I’ve spent a weird amount of time in Nassau, the capital, on the island of New Providence, owing to my father being partnered in a timeshare there, a venue for family summits going on 20 years now. We come for the food and the fishing. Spiny lobster — called “crawfish” in the Bahamas — is a clawless, warm-water species with a tail as fat as a beer keg but far tastier, and can be speared by the dozens in their underwater lairs. Conch, an improbably delicious mollusk that’s eaten every conceivable way in these islands — grilled, steamed, “cracked” (deep fried), stewed, chowdered, frittered, and chopped raw in conch salad (the local ceviche) — abound on the seafloor.

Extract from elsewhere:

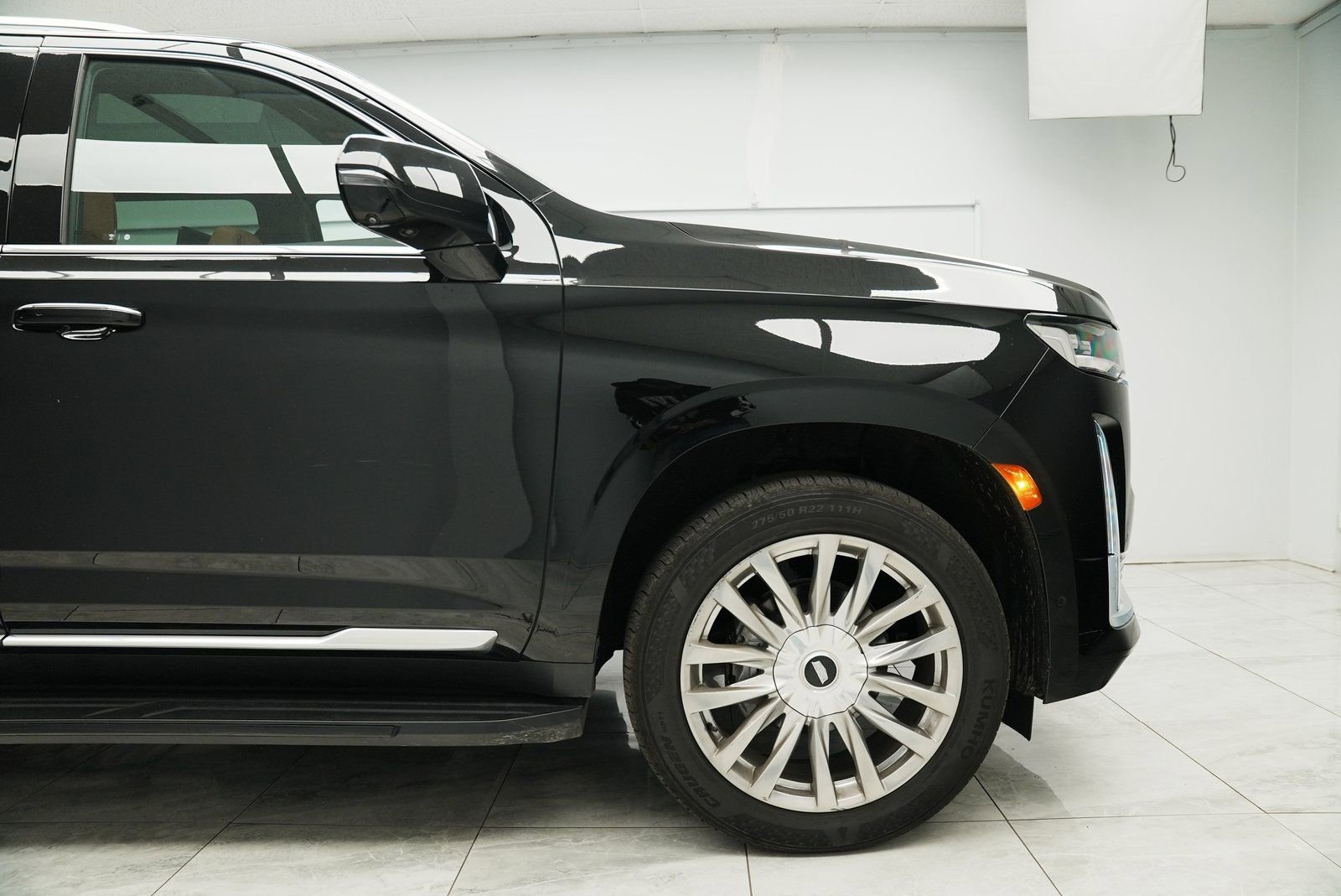 Used 2021 Cadillac Escalade ESV Premium Luxury image 9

That alone is enough to keep us coming back. But I should also mention the white-sand beaches, the startling blue sea, the red powder-puff and silvertop palms lining the streets, and a comically uncoordinated bird called the smooth-billed ani, which, when landing in a wind, will go tumbling in a ball of feathers. The 340 sunny days a year don’t hurt. Neither does the water temperature that almost never falls below 71 degrees. A population of 340,000 spread out over a 5,383-square-mile archipelago of idyllic islands and pristine cays makes convalescing from the winter office grind totally effortless. The Bahamas has been good to me over the years, is what I’m saying, even if I haven’t always returned the favor.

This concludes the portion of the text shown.